A stage presence made for radio

While practicing my instrument today, I decided to record my work. I wanted to hear what I sounded like, as I hadn't really done that in a long time. Typically I prepare myself for disappointment after listening to recordings. Music takes place in time, and moments are gone as quickly as they happen, which is true for the brilliantly executed phrase as well as the splatsplatsplat of the mistake. Recording, however, allows you to revisit these moments and assess just how brilliant the execution of that phrase really was or how egregious the error. Usually the errors which slip my mind are brought to the forefront on recordings, and the sound that I made isn't the sound that I thought I was making.

So I was pleasantly surprised to find that while my performance of the first page of the concerto (one that I should have learned several years ago, by the way) wasn't great, and there were plenty of slips and blips, it sounded...like music. My sound on the double bass is warm, somewhat dark, not so ping-y, and surprisingly consistent. It sounds like my singing voice in some ways...my voice is darker these days, sits comfortably in the middle to lower range of female singing.

Playing the double bass is not something that came naturally for me. I'm not a very physically adept person, and much of my time practicing is spent directing my stubborn body to perform that which my mind already understands. I have occasionally thought that when it was "pick up a strange instrument that no one else plays" day in high school orchestra, that I should have played the horn instead. But we already had horn players. REALLY good ones.

Singing, by contrast, comes very easily to me. I have perfect pitch and a strong music theory background that I picked up early. Unfortunately, I also have a stage presence made for radio. I didn't grow into myself as a singer until much too late in life, and really, does the world really need more professional singers?

Switching gears on the music topic, my primary musical function has been that of a teacher. And I wish to dispel the myth for all you parents who read this that musical involvement requires talent and that only a few people can be involved. Yes, I have seen and worked with plenty of talented students. I have also worked with even more students who did not seem to be musically "gifted" but decided that they liked it and wanted to participate.

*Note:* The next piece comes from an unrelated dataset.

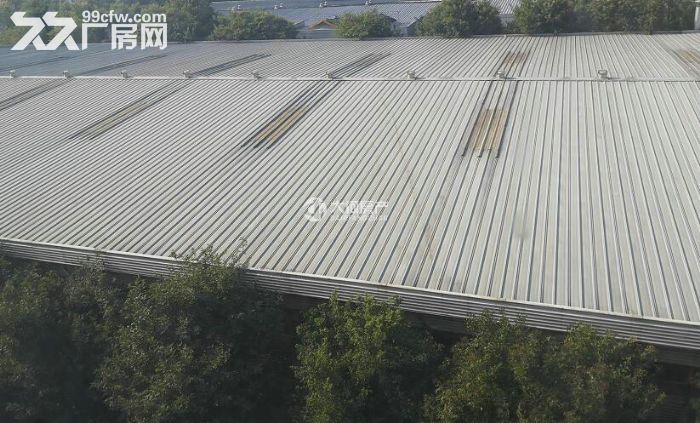 西安高新区独栋厂房 占地12亩带院子 挑高10米整栋出租 含税-图2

But then, kids are less self-conscious when they're little. And even as they grow up, if taught properly, they don't care so much that they're not the best, as long as they're involved.

It's all you grownups! How many times have you said "Oh, I can't sing, I'm not good at it, I'm embarrassed" because you're not a trained musician? If you can sing a song and the melody is recognizable, you can sing, and you can learn to sing better.

Please, encourage your children to sing.

1 comment:

Jennifer said...

Perfect pitch?...awesome. I feel like I'm one that doesn't have a huge musical talent(many others have more natural talent than I), but I loved it and worked at it.